DIRECTIONS -
Restate the lines word for word, from the first line of the records through the line containing "Indoor entryway for". Leave out the pictures and anything after that line.

(Image-caption web data)
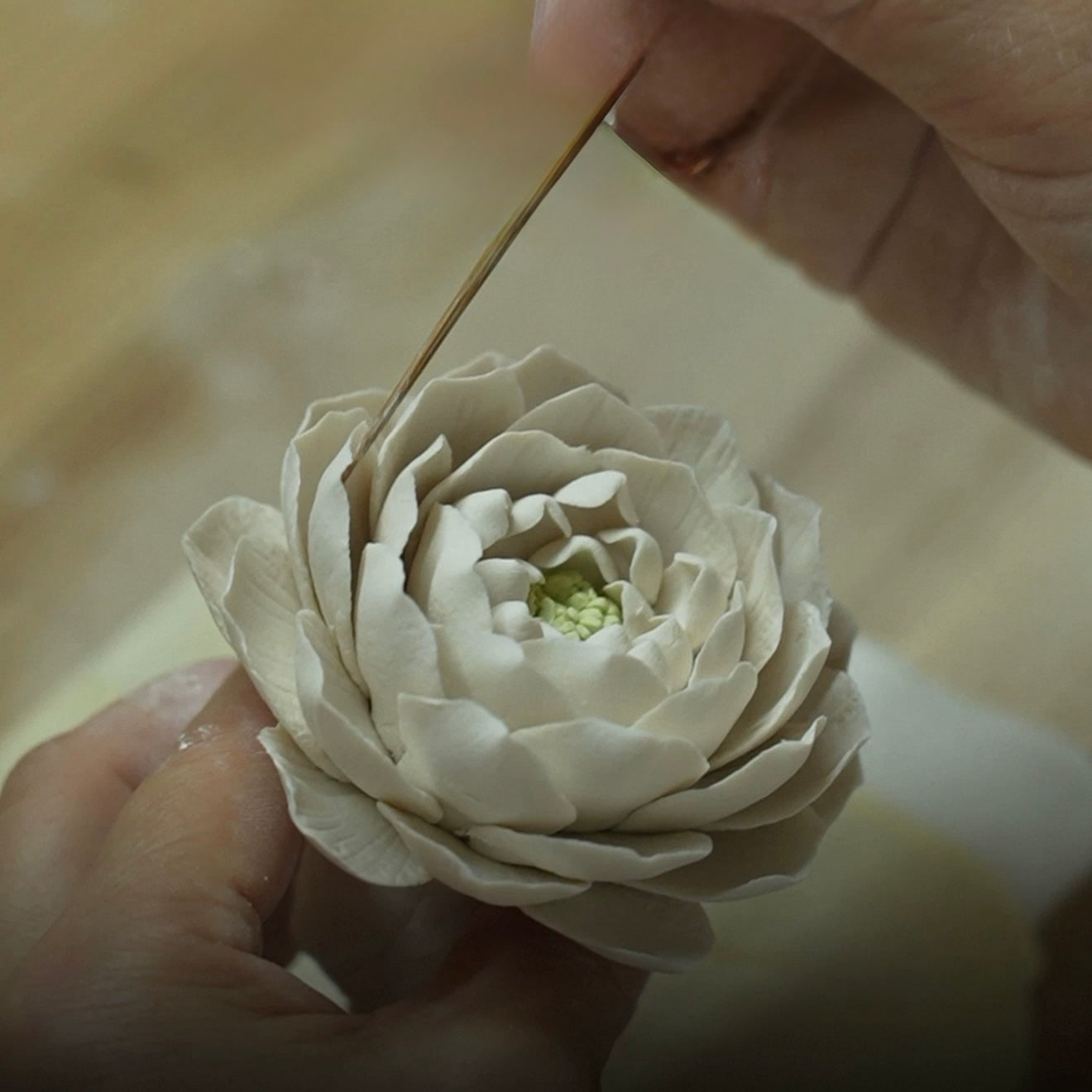 "Porcelain Jasmine · Silent Bloom" Artisanal Diffuser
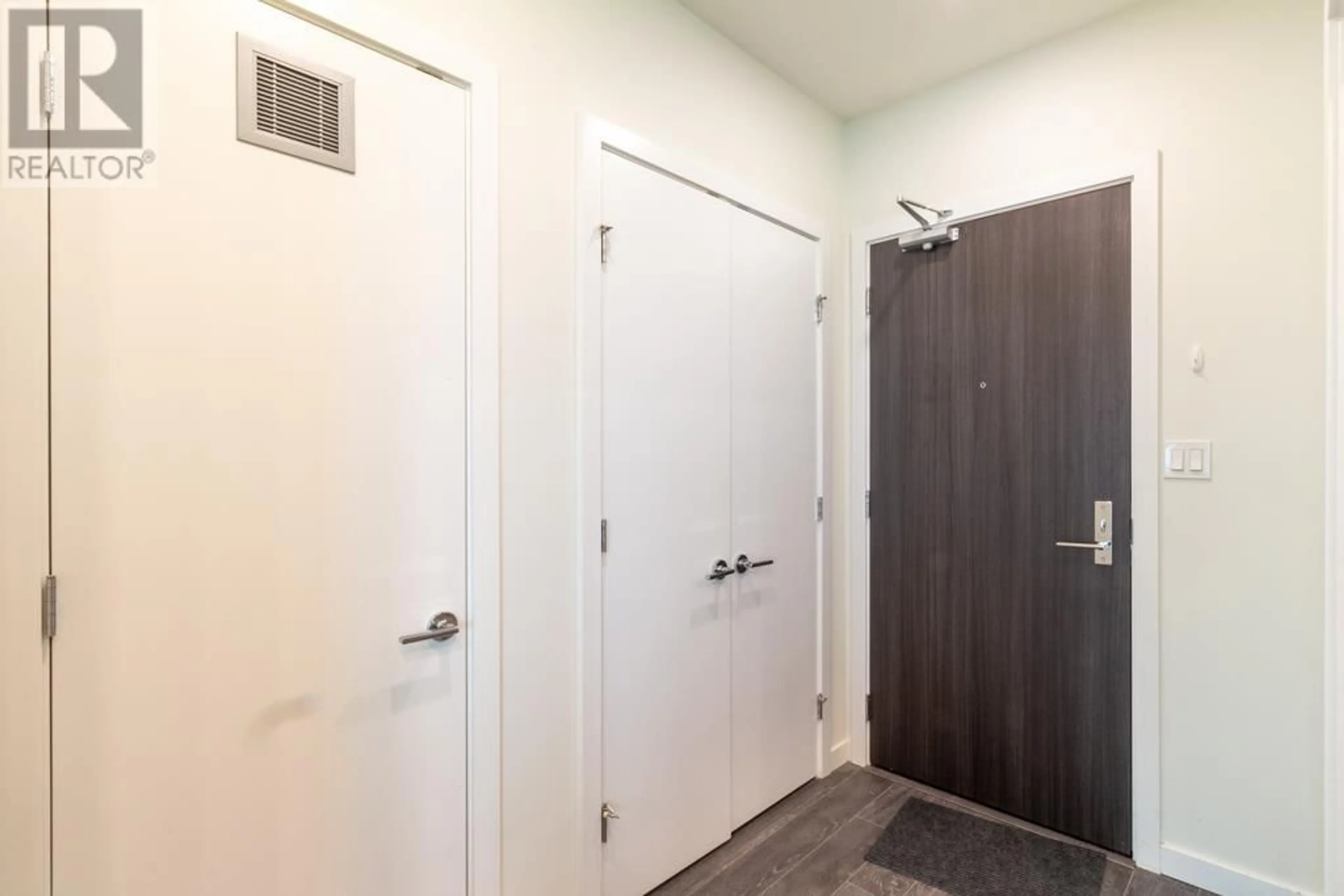 Indoor entryway for 2202 5311 GORING STREET, Burnaby British Columbia V5B0B5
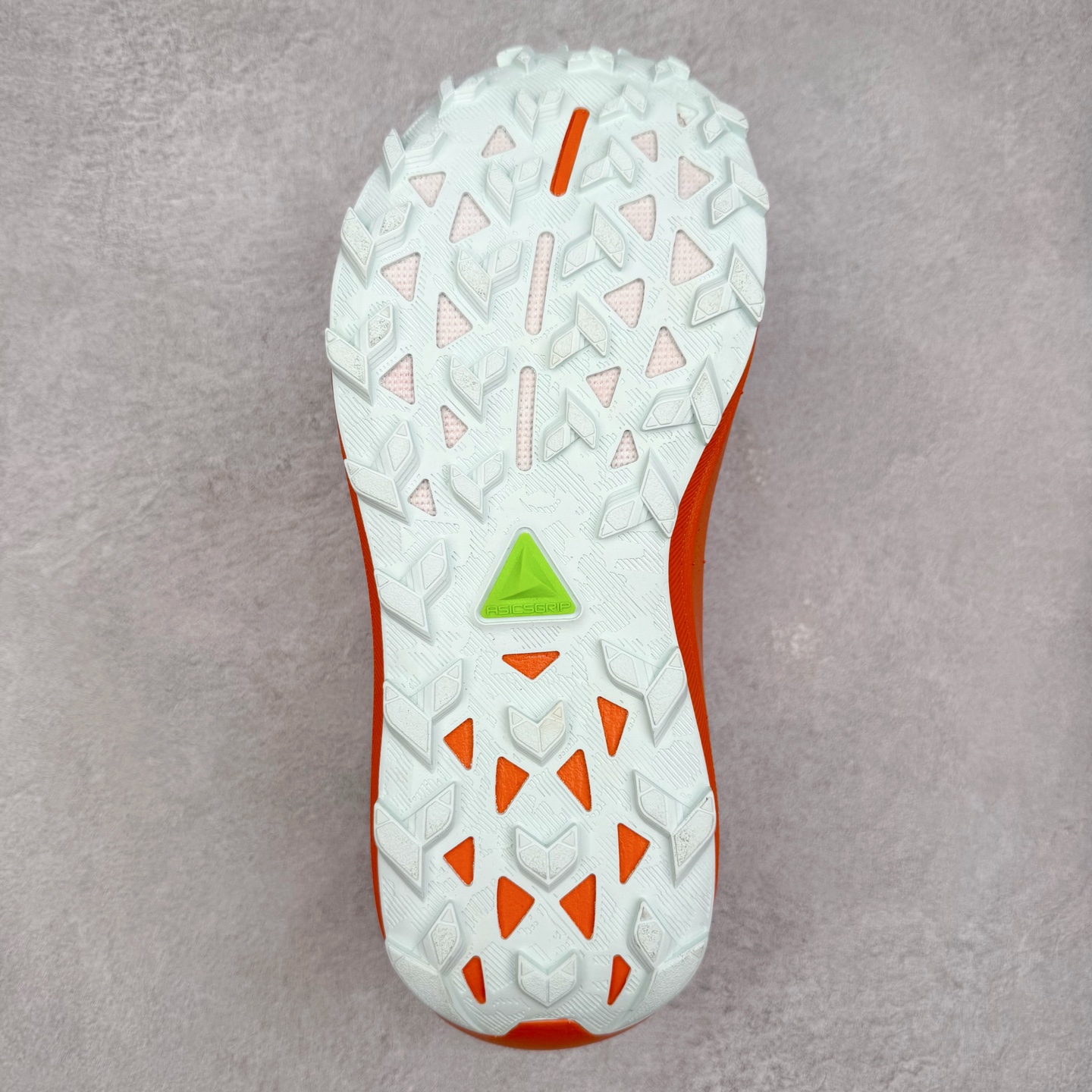 图片[9]-Asics GEL-TRABUCO 13 GTX 亚瑟士舒适百搭轻便透气减震低帮跑步鞋 ASICS（亚瑟士）是日本实业家鬼冢喜八郎创立的跑鞋运动品牌，名字想法源自著名的拉丁谚语“AnimaSana In Corpore Sano”，意为“健全的精神寓于强健的体魄”。正如其名字的含义，ASICS亚瑟士一直坚信保持身体的健康与活力是打造健康快乐的生活方式的最佳途径。亚瑟士的跑鞋、篮球鞋等系列集专业与美貌于一身，拥有极高的热度。2016年，ASICS在“2016年日本最佳全球品牌”排行榜名列第17名。尺码：36 37 37.5 38 39 39.5 40 40.5 41.5 42 42.5 43.5 44 45-选品中心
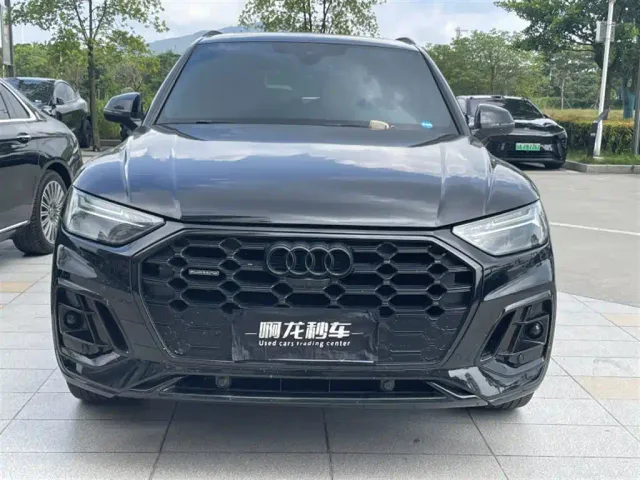 Audi Q5L — Фото автомобиля 2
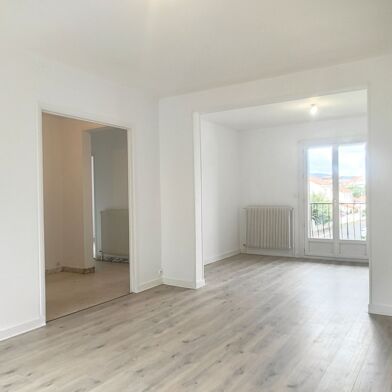 Appartement 4 pièces 1080 €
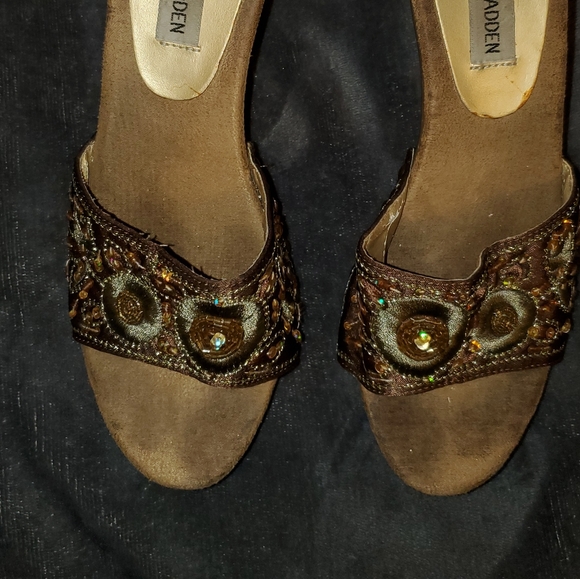 Steve Madden Jeweled heels - Picture 9 of 10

REPLY TO THE EXERCISE -
 "Porcelain Jasmine · Silent Bloom" Artisanal Diffuser
 Indoor entryway for 2202 5311 GORING STREET, Burnaby British Columbia V5B0B5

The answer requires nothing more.